About this task -
The whole listing below needs to be duplicated exactly, pictures aside.
==== Dataset extract
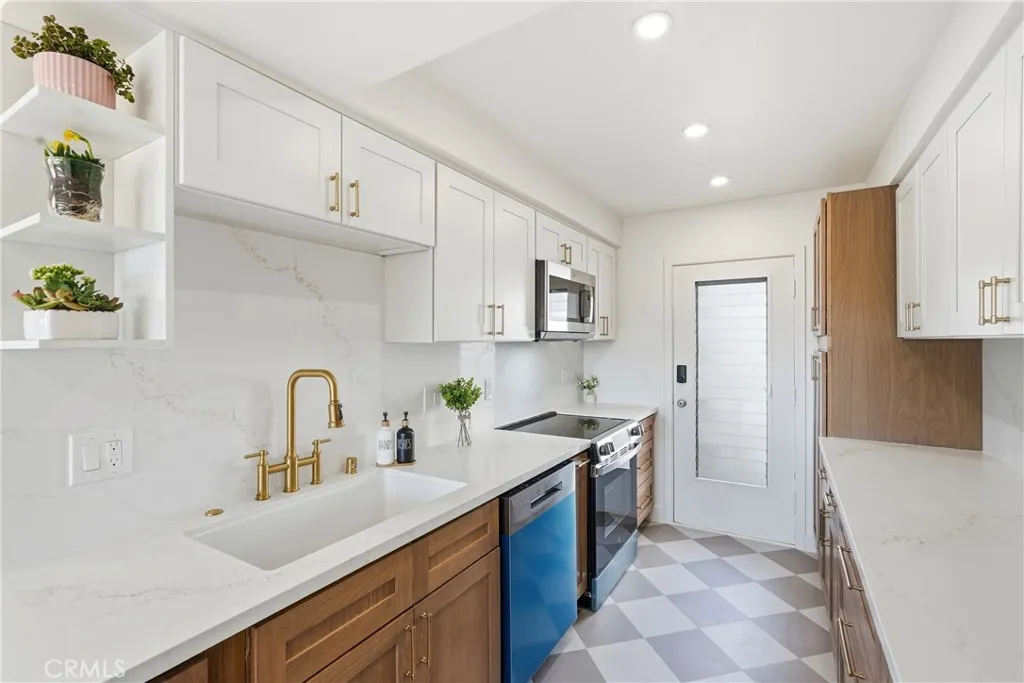 5630 Ravenspur 209, Rancho Palos Verdes, California 90275 home-pic-11
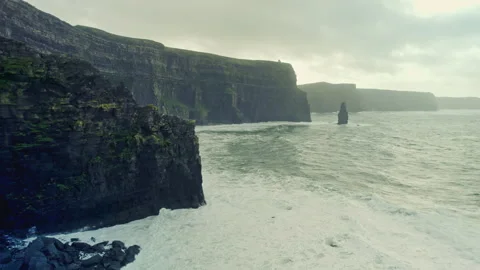 Cliffs of Moher Push Forward Drone Shot Over Waves Vídeos de archivo 333352165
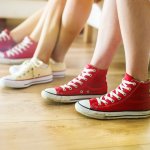 Tren sepatu kanvas memang tak lekang waktu. Jika Anda adalah salah satu penggemar sepatu kanvas, ketahui cara membersihkan dan merawat jenis sepatu dalam artikel yang diulas BP-Guide berikut ini agar sepatu tetap awet dan tahan lama. Simak terus ya!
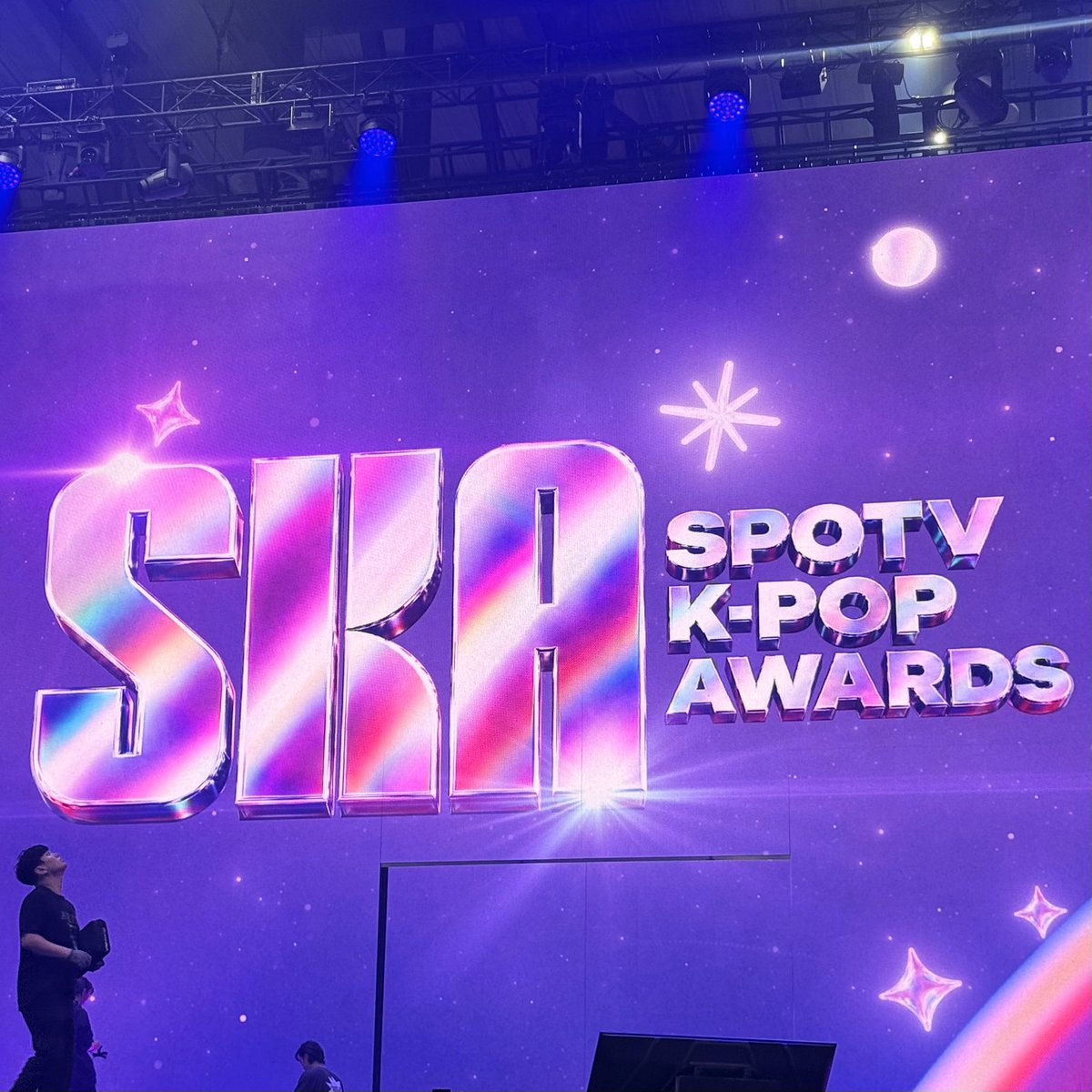 sshhyzu's tweet photo. 5시간동안 20센치 굽신고 힘들었지만 좋았었듀 https://t.co/m5Uf2E59vl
========
The answer -
 5630 Ravenspur 209, Rancho Palos Verdes, California 90275 home-pic-11
 Cliffs of Moher Push Forward Drone Shot Over Waves Vídeos de archivo 333352165
 Tren sepatu kanvas memang tak lekang waktu. Jika Anda adalah salah satu penggemar sepatu kanvas, ketahui cara membersihkan dan merawat jenis sepatu dalam artikel yang diulas BP-Guide berikut ini agar sepatu tetap awet dan tahan lama. Simak terus ya!
 sshhyzu's tweet photo. 5시간동안 20센치 굽신고 힘들었지만 좋았었듀 https://t.co/m5Uf2E59vl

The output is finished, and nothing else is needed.